I was already holding a heavy grocery bag (containing, among other things, an enormous jar of pickles) and I glared at the receipt, thinking grumbly thoughts about the inefficiency and outdatedness of the bag clerk handing me another physical object to have custody of and have to keep tidy.  Then I turned to continue home.

But I did think, for a moment, my peculiar blend of What would Christ do? or What would a good Kantian/cooperating agent using Timeless Decision Theory do? and stomped down the block to trap, retrieve, and dispose of the errant slip of paper.

I managed to get around to doing the decent thing, with a bit of lag time, but I can’t really say I did it in a spirit of love.   And it’s not like I was doing something heroic either; the best I can say is that I did the bare minimum: performed the correct act, without the correct attitude, but with (perhaps) the hope of one day managing the right spirit.

In the abstract, I can say it would be preferable to have a joyful, loving spirit in that moment.  It seems like it should be possible to pick up my litter with the same disposition as the one I have when I play peekaboo with a baby on the metro.  Something was disordered or somehow unhappy, and I was granted the privilege of restoring it to order and happiness.  But in the moment, what I mostly feel is put upon.

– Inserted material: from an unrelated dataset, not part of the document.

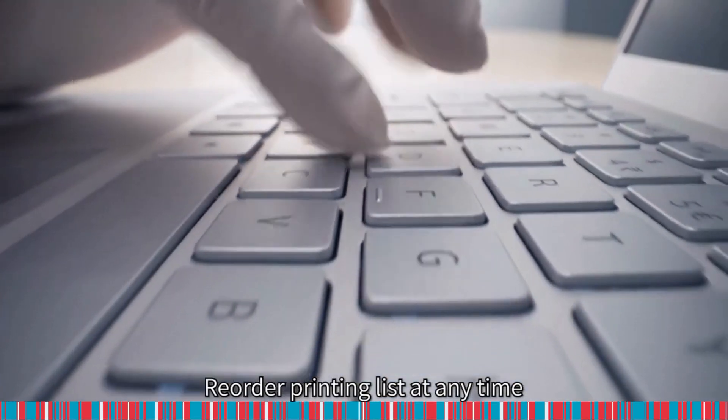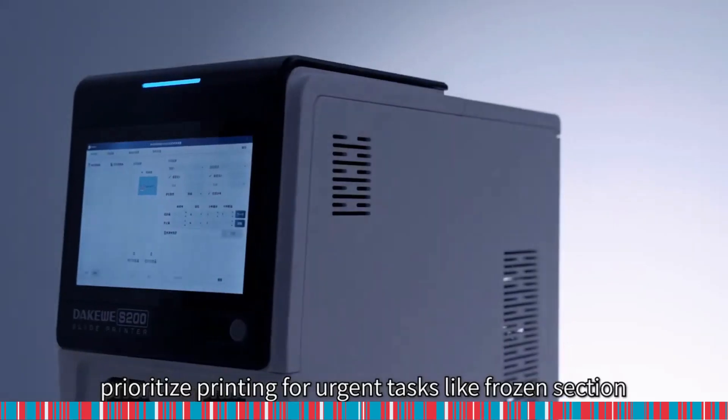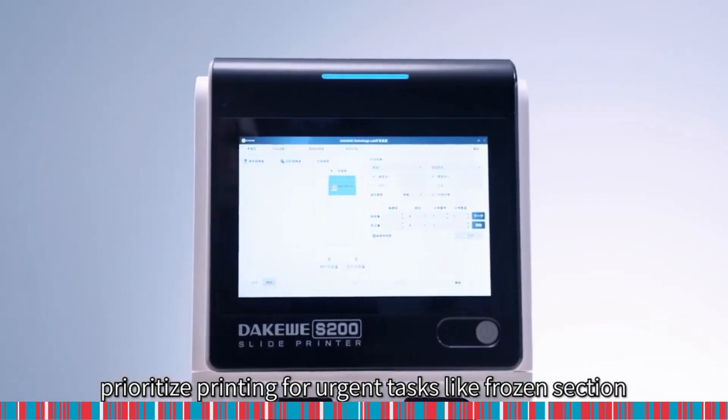Reorder the printing list at any time. Prioritize printing for urgent tasks like frozen section.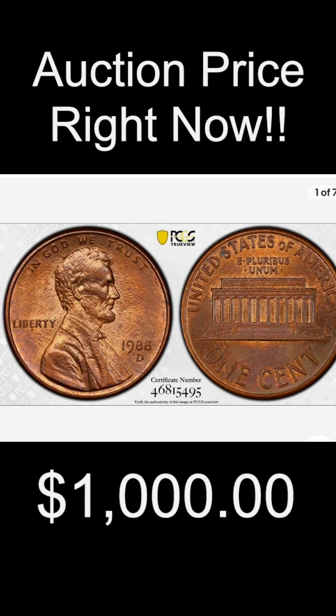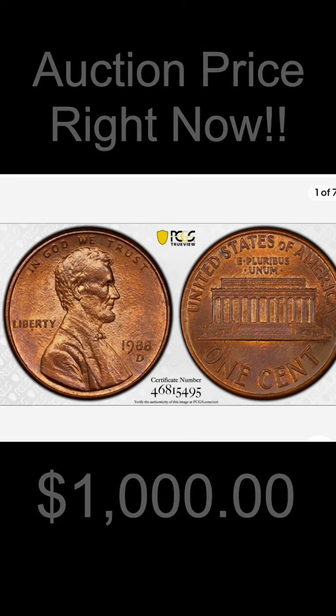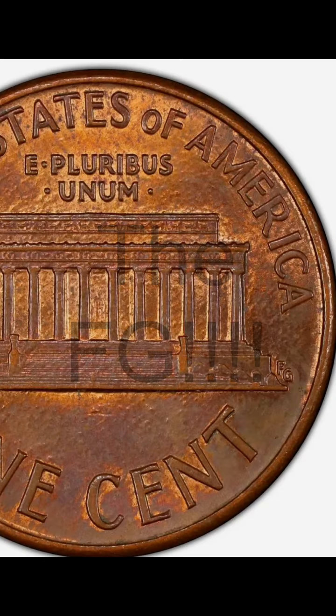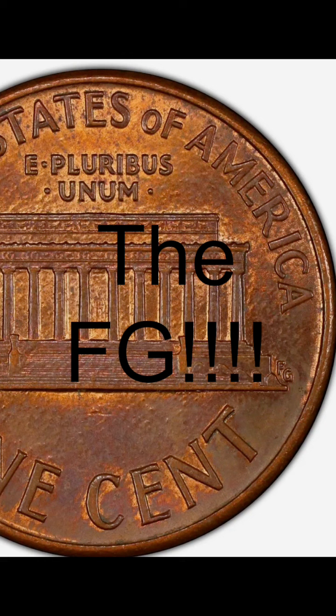So, here is a PCGS-graded 1988, quote-unquote, Wide AM. Let's dig down in and see what we're really looking for. The FG — that is what distinguishes the Wide AM 1988.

This kind of small-scale failure does remind me of what we’re longing for, during the slow procession to Easter: Love that comes to us, so we can finally be healed of spite and fear and participate fully in Love.

And these spontaneous stumbling blocks often do me more good than some deliberate disciplines.  A new prayer rule is something I will schedule and manage, so it fits within my life, but a lapse in love can take me by surprise and force me to see the distance between myself and goodness and to want the rift to be closed.